- Mishrigi Location within Russia

Highest point
- Elevation: 5,019 m (16,467 ft)
- Prominence: 219 m (719 ft)
- Coordinates: 43°2′39″N 43°8′56″E﻿ / ﻿43.04417°N 43.14889°E

Geography
- Location: Russia
- Republic: Kabardino-Balkaria
- Parent range: Caucasus

Climbing
- First ascent: 1889, by Hermann Woolley
- Easiest route: Rock/snow/ice climb (Russian Grade 4B)

= Mishrigi =

Mountain in Russia

Mishrigi or Mishrigi-Tau (Мижирги) is the seventh highest mountain in Russia. (Note: It is considered a sub-peak of Pik Pushkina (which is also a sub-peak itself) due to its low prominence of 219 m and not an independent mountain.) The height of the western peak of Mishrigi reaches 5018.7 m, and the eastern one reaches 4924 m. It is located in the Bezengi Wall, which is part of the Northern Caucasus Mountains.
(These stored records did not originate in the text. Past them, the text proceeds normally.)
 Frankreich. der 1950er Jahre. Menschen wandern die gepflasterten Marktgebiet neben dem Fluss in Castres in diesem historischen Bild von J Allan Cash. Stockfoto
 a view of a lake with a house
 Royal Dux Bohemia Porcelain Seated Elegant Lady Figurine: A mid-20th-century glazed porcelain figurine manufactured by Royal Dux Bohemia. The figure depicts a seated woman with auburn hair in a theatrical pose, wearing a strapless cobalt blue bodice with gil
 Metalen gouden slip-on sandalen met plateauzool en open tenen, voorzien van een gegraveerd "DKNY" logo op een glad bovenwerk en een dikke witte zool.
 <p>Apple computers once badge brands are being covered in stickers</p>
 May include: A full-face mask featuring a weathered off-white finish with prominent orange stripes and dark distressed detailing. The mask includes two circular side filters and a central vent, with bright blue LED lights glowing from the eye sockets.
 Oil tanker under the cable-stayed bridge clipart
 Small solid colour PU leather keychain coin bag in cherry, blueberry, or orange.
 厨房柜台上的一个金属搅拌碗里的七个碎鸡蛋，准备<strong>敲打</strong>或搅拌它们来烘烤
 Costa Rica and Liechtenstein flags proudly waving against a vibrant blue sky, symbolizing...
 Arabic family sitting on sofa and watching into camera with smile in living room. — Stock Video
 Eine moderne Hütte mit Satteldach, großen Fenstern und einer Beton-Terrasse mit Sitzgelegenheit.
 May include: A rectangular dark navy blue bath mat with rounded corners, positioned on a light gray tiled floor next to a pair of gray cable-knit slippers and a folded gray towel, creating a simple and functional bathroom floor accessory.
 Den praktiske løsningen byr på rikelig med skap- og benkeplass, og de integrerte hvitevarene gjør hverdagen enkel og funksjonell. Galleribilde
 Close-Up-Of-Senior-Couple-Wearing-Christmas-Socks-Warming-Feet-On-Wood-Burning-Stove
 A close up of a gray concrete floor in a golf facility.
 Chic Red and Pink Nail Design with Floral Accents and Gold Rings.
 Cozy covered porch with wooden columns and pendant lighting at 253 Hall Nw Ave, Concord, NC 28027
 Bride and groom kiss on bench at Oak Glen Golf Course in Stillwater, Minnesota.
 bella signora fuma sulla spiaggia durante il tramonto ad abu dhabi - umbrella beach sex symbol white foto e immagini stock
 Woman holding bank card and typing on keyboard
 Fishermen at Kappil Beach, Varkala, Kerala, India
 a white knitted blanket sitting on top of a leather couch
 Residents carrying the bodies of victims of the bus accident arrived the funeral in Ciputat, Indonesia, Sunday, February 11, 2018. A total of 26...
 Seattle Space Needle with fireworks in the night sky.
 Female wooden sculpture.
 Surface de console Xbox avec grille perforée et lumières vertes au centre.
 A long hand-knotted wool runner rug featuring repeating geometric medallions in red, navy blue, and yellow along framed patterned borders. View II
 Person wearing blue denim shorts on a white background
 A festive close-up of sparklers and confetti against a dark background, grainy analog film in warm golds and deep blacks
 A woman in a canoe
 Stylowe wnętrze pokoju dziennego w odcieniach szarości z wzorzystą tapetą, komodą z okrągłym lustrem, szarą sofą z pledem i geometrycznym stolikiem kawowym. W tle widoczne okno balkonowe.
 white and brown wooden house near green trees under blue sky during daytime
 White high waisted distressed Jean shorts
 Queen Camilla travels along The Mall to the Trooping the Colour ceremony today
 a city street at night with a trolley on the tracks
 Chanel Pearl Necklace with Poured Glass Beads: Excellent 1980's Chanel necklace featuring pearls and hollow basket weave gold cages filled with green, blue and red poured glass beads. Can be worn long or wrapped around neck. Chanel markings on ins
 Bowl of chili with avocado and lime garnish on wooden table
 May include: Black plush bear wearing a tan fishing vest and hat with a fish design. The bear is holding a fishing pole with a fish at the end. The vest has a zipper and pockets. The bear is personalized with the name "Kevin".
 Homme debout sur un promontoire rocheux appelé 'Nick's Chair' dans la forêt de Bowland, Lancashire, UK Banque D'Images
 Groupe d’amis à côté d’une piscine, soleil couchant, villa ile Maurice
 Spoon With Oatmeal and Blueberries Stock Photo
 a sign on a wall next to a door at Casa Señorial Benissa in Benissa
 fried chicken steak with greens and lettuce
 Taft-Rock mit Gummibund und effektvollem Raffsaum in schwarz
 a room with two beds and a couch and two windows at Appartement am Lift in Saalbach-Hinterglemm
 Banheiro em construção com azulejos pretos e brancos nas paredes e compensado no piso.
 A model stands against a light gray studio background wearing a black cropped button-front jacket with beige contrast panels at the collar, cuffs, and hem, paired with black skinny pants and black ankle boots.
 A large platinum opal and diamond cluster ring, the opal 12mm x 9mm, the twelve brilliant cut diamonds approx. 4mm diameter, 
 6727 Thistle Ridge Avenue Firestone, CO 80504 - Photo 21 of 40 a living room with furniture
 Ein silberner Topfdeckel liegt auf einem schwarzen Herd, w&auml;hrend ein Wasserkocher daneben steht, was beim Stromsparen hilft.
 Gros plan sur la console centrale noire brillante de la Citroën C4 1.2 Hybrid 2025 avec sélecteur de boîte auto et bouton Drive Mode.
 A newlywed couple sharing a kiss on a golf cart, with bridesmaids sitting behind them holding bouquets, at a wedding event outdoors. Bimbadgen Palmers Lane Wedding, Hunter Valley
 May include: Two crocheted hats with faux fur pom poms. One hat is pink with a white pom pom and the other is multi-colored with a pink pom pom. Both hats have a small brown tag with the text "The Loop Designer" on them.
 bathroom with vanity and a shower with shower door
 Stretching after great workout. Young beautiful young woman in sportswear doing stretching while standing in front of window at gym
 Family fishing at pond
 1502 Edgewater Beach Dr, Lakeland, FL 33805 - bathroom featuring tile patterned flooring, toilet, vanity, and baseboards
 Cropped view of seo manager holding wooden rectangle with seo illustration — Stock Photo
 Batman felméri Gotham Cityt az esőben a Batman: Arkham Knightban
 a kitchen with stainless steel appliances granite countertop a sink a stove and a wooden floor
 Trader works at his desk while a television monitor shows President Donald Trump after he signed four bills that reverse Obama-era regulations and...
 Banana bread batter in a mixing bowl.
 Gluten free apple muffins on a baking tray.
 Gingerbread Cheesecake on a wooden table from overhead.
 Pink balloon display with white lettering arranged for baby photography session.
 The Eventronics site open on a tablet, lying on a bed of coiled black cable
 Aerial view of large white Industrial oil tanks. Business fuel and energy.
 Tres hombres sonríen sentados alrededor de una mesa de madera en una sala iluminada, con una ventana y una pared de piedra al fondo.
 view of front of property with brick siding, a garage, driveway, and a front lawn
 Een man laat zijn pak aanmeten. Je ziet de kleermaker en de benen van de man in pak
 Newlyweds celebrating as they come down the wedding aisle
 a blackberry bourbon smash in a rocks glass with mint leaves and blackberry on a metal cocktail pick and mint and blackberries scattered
According to one version, it is named after the Balkarian shepherd Mazhir Attaev from the village of Bezengi, who, according to unconfirmed reports, climbed to the top of the mountain in the middle of the 19th century. The first official ascent of the summit was made by Hermann Woolley in 1889. The first ascent of the western summit on the southern ridge in 1934 was made by Swiss climbers Lorenz Saladin, Hans Graf and Walter Frey.

Mishrigi is included in the list of ten peaks of the Russian Federation for awarding the title of "Snow Leopard of Russia", which is the award given to people who have climbed up the ten highest peaks of Russia.